Tensione come competizione
Fin qui abbiamo esaminato la tensione come un fattore intrinsecamente generato dal sistema di gioco, ma non dobbiamo dimenticare che la principale sorgente di tensione è forse proprio la competizione con gli avversari. Pensate a ciò che accade nel Gioco dell’Oca: nessuna scelta è presente, nessuna difficoltà viene offerta al giocatore né gli si chiede di assumersi dei rischi: egli si limita a tirare i dadi e osservare ciò che accade, ma il semplice fatto che seduti al tavolo vi siano altri giocatori che, come lui, cercano di raggiungere per primi la casella finale del percorso, è sufficiente a creare un senso di competizione e di sfida, e dunque di tensione. Non è un caso che ciò accada, perché l’espediente della “corsa”, intesa nel senso più ampio di assegnare un premio (se non addirittura la vittoria) al giocatore che per primo raggiunge un determinato obiettivo, è un pattern di game design molto diffuso.
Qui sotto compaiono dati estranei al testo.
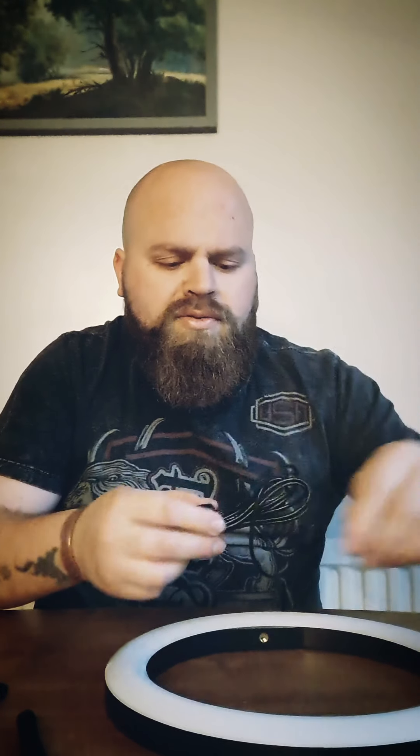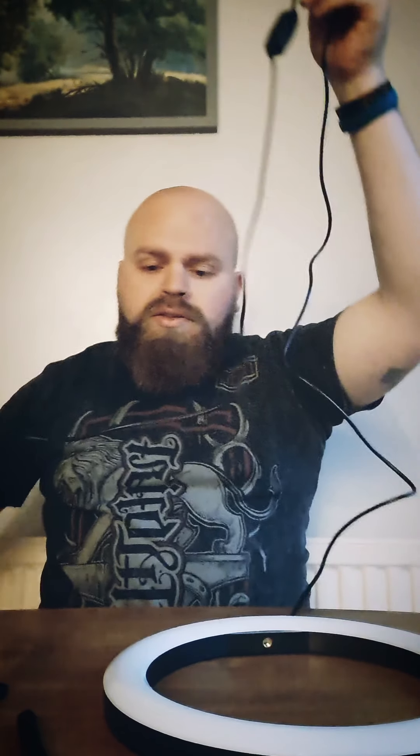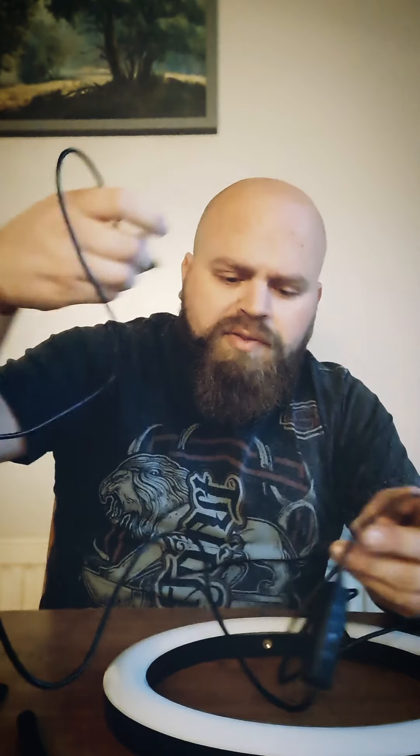There's a fairly long cable so it should stretch down to the plug. It's a USB plug so I've got a spare plug I can use. I'm going to pause this, set it up, and we'll see the difference it makes.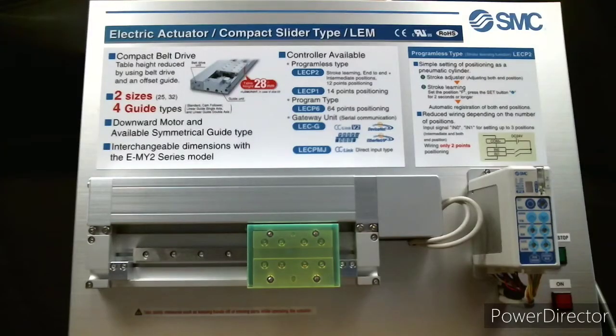The LEM is a compact low-profile slider type electric actuator. It comes in two sizes and has four different guide types for various loads and speeds. The LECP2 is a programless type controller with end-to-end operation similar to an air cylinder. It also has stroke study which allows you to easily set the end points of the actuator.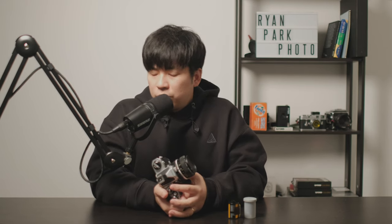Welcome to another episode. This is just a short video about unloading the film from the Nikon FM2, followed by loading the film into the FM2.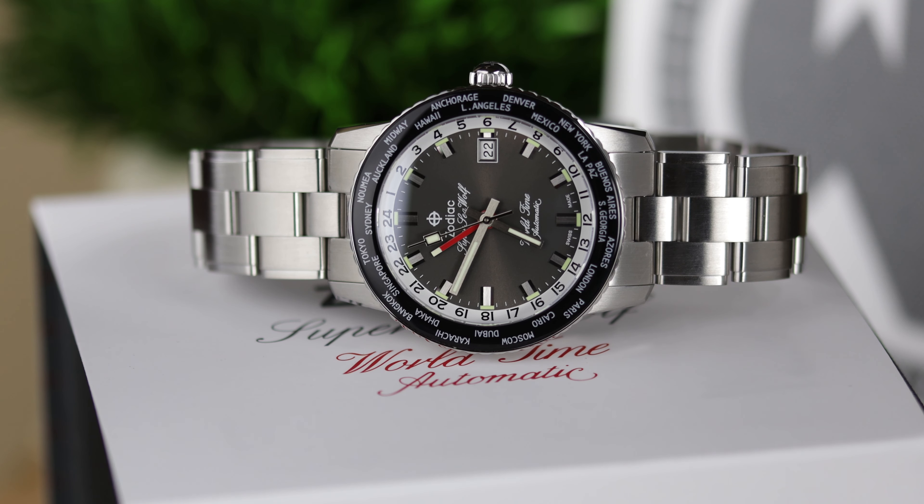If it is feeling a bit like déjà vu in here, I understand — I feel it too. Yes, this is one of the latest Zodiac watches, the Zodiac Super Seawolf World Time.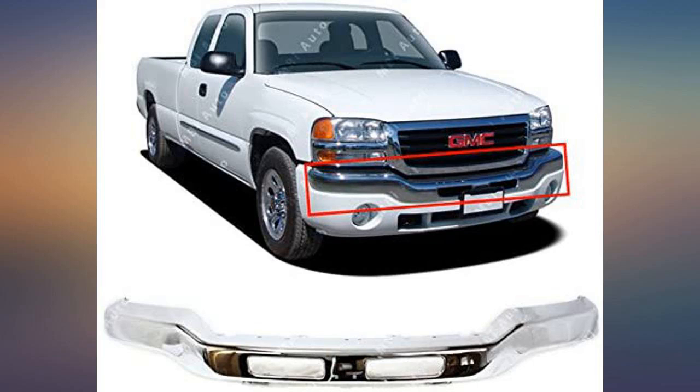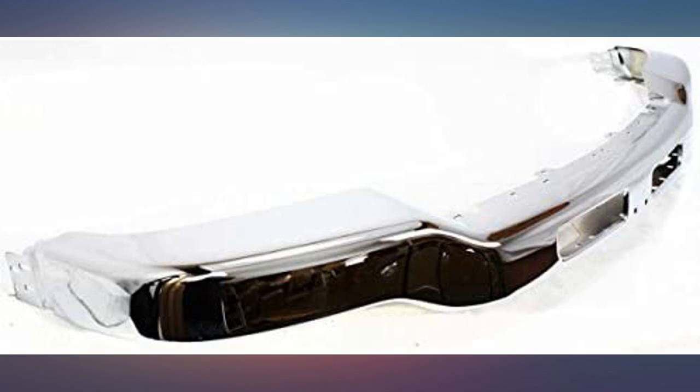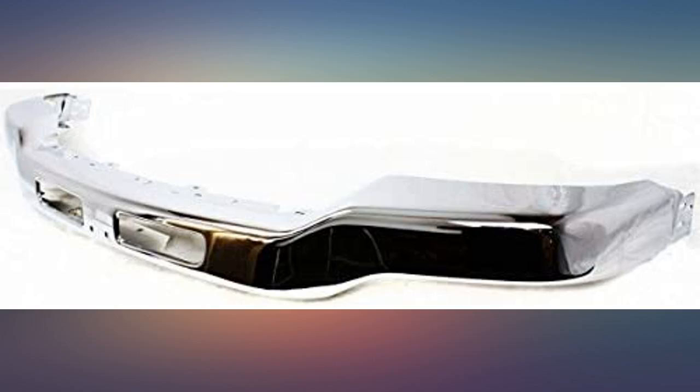It was a perfect fit, no defects. The bumper is beating all my expectations for quality. The original rusted out from the inside, so I thought I'd add a coat of epoxy paint to the backside as insurance.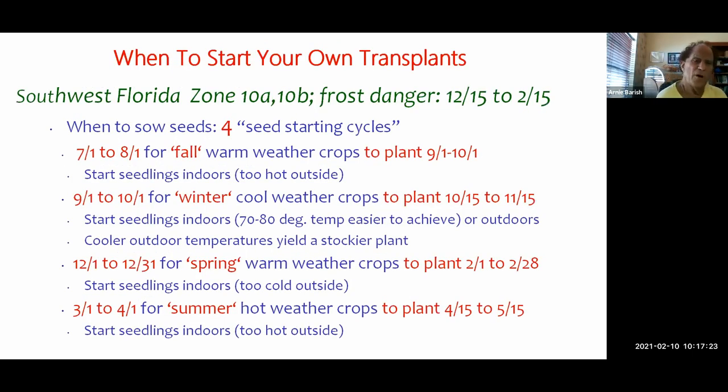The next couple of charts are about when to start your transplants. The best way is to find out what zone you're in — where I am in Southwest Florida we're in zone 10A and B. You can find this by Googling your zip code and planting zone. Here our frost danger runs from about mid-December to about mid-February, so we're just about out of frost danger. We recently had a very light frost about a week ago.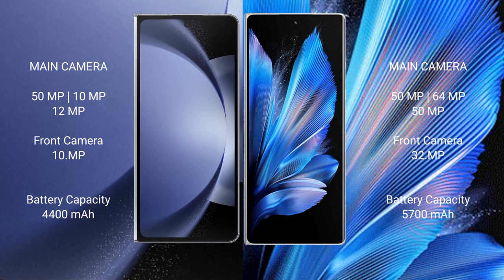The Samsung Galaxy Z Fold 6 features a triple rear camera setup: 50MP plus 10MP plus 12MP, and a 10MP front camera.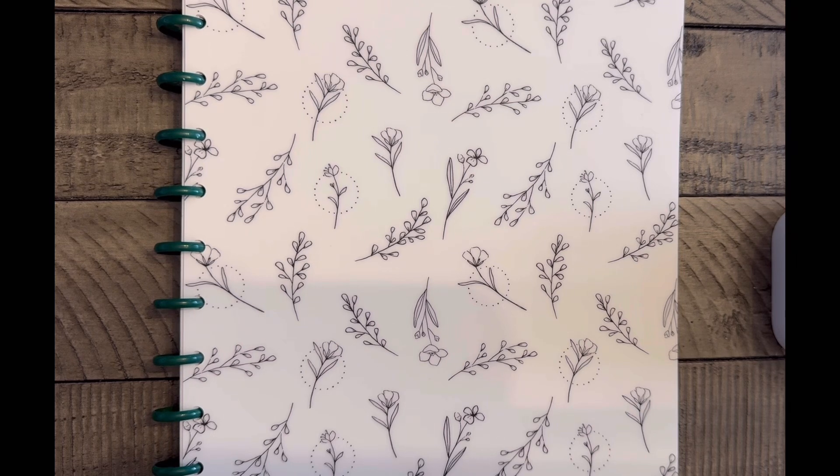Every year or so my coloring style changes — what I like to use, what I like to color. I feel like if I haven't really colored more than two pages in a book and I've had it for one to three years, it's time for it to be unstashed. Today's video is two shelves worth of coloring books. It may be a little long, so get comfortable, maybe come back when you're in bed ready to relax. I'm going to explain why I purchased each book and why I'm no longer keeping it.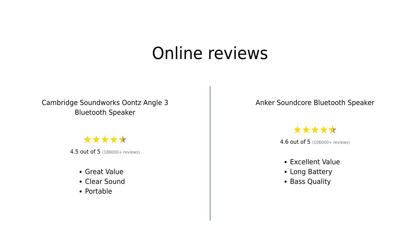Overall, reviewers have praised the Cambridge Soundworks Ountz Angle III for its sound quality, ease of use, and affordability, making it a solid choice for many. On the flip side, the Anker Soundcore has been lauded for its incredible battery life, excellent sound quality, and value for money, making it a favorite among budget-conscious consumers. Both speakers have their strengths, appealing to different needs and preferences.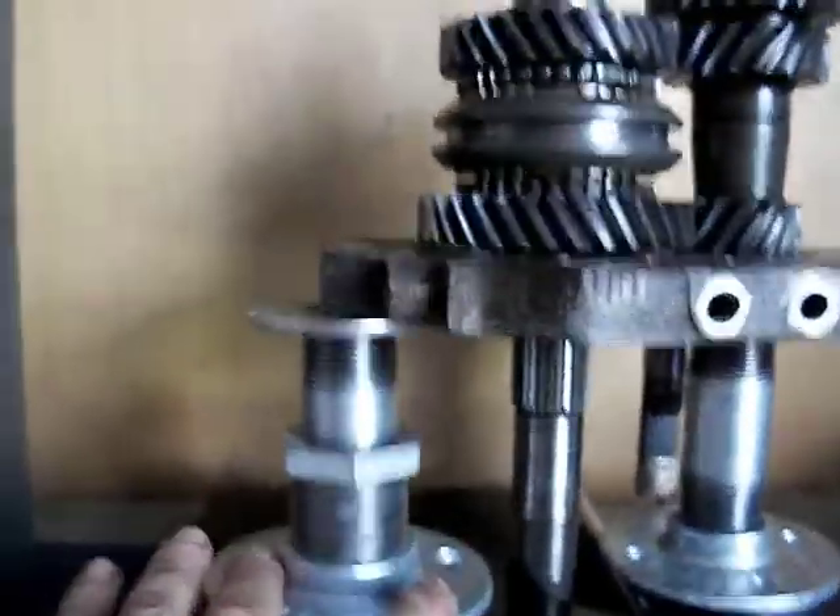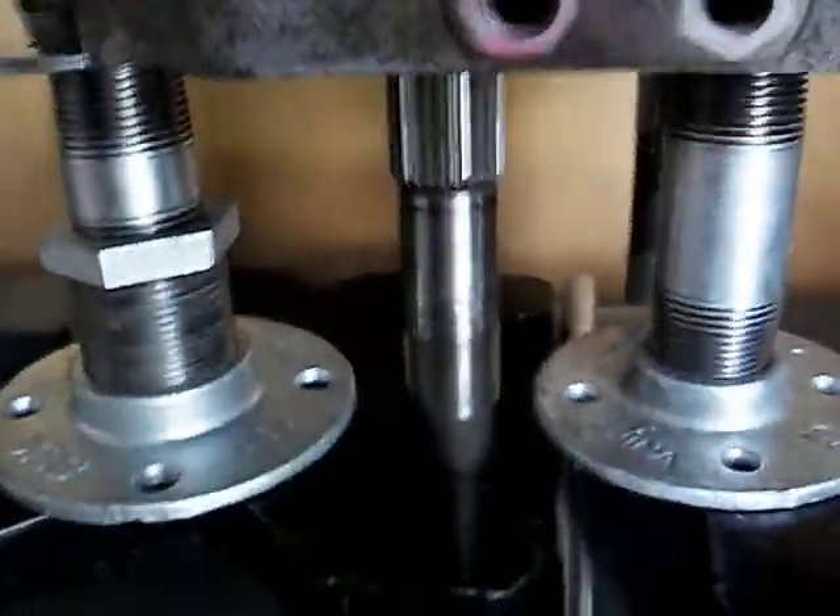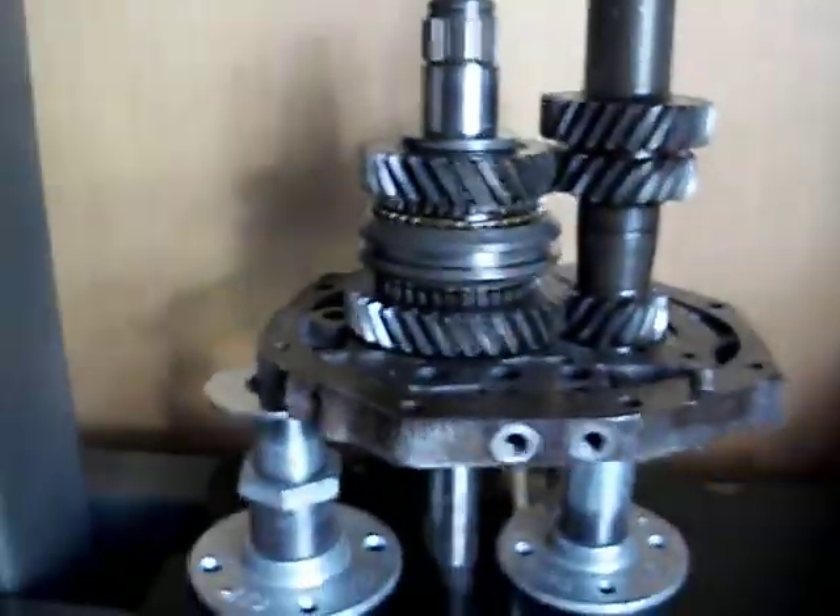It's a rather elaborate setup, but I've got this supporting the adapter plate. That's the one the counter shaft is going through. There's a slot here because of these big plates that come up to press for the main shaft to go through. It's all pressed in. More later.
In Seasons la corsa è sia quella contro il tempo, che avanza inesorabile, sia contro l’avversario, poiché spesso per vincere il gioco è necessario calare più carte di lui prima che la partita termini. Ma non è questo l’unico elemento competitivo del gioco: grazie a carte che permettono attacchi diretti, sottrazioni di punti e sacrifici di creature, la competizione è forte e continua fin dai primi round di gioco.
La mancanza di tensione
Proprio perché così importante, la tensione è uno dei maggiori fattori responsabili del successo di un gioco, ma è anche, ahimè, una delle cose più difficili da ottenere. Capita spesso che un nuovo prototipo di gioco risulti perfettamente funzionante ma, purtroppo, privo del necessario mordente che fa la differenza tra un gioco semplicemente buono e uno davvero eccellente. I problemi con cui il game designer deve confrontarsi sono sostanzialmente due: il primo è riconoscere quali aspetti del sistema di gioco o quali momenti della partita non garantiscono un adeguato grado di tensione al giocatore; il secondo è intervenire con opportune modifiche in modo da rendere più tensive quelle meccaniche che al momento risultano un po’ piatte. Spesso ciò è il risultato di un bilanciamento attento e fine, che assicuri un giusto equilibrio tra disponibilità e scarsità di risorse, tra possibilità di attacchi e difese e, in ultima analisi, tra i potenziali successi e insuccessi che il giocatore incontra nella realizzazione delle sue azioni, in modo che i successi siano la ricompensa di uno sforzo e gli insuccessi siano percepiti come una sfida da superare e non degenerino semplicemente in frustrazione.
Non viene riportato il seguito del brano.